While reading up on forgiveness and trying to help myself, I came across this article that I really enjoyed and if you are struggling with this sort of thing, maybe it will help you too.
"When a deep injury is done to us, we never recover
until we forgive." -Alan Paton
Depending on your circumstances, forgiveness may seem impossible
to you right now. You've probably endured a lot of heartache and
pain while going through this process and the blame and or guilt
that you may be experiencing can keep you stuck from moving forward.
Whether you blame the other person or have guilt and you beat
yourself up over it, learning to forgive will put you on the right path.
It will be a gift you give to yourself.
Even though you may not feel capable of forgiveness right now; the
sooner you do this...the sooner you will...let go for good. You have to learn how to forgive the other person. But...first...you have to forgive yourself!
If you've made mistakes, forgive yourself and go on. There is nothing you can do now to change the past, but you can affect your future.
Forgiving yourself takes the pressure off of you for not being perfect.
And, it gets rid of guilt. You must learn to forgive yourself before you can forgive others.
We are all on a journey through life. Sometimes we make mistakes, which is part of a normal process on this journey. The mistakes that we make can result in painful experiences; these are the "lessons of life." But, it is through these trials that we learn the most.
The key is learning something from what has caused you pain so as not to repeat the same mistakes again. Walk away from this situation with the knowledge that you are stronger and smarter. Forgiving will open that door.
Second, forgive him or her. If you don't, you will be holding onto the past.
You may carry anger and resentment around with you which will hurt you...more than them.
Harboring negative emotions can make you bitter and resentful. It can and will permeate all areas of your life and it makes it more difficult to enjoy today.

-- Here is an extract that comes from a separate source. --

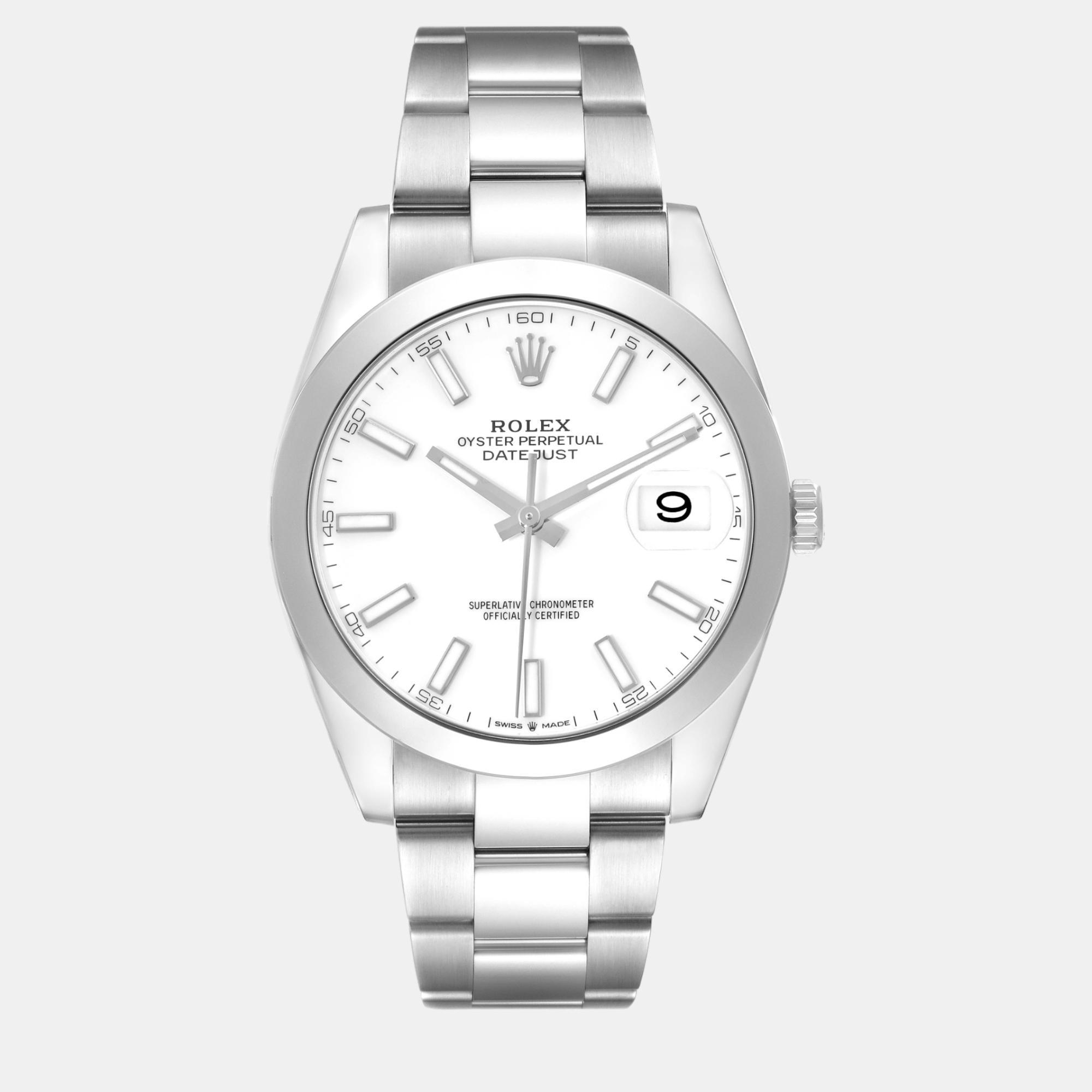 Rolex datejust 41 white dial steel oyster bracelet watch 126300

Not forgiving keeps you trapped exactly where you don't want to be...
holding onto memories of the past. Every time you begin to think
of this person; what they did or didn't do, what you said or didn't say, consciously release them from your mind. Let these thoughts go and fill your mind with thoughts of goodness and the things that you are looking forward to experiencing in your life.
Gaining control of your thoughts, releasing all of the negative
memories and releasing all of the imagined confrontations you could have with this person will be the beginning of letting go of what is behind you and moving on to a better future.
You can't change the past but you can make a significant difference in how you approach what's ahead of you. Stay focused on the positive.
Stay focused on what you want, not on what you had that didn't work.
Once you find forgiveness you will regain control of you life. It's your choice!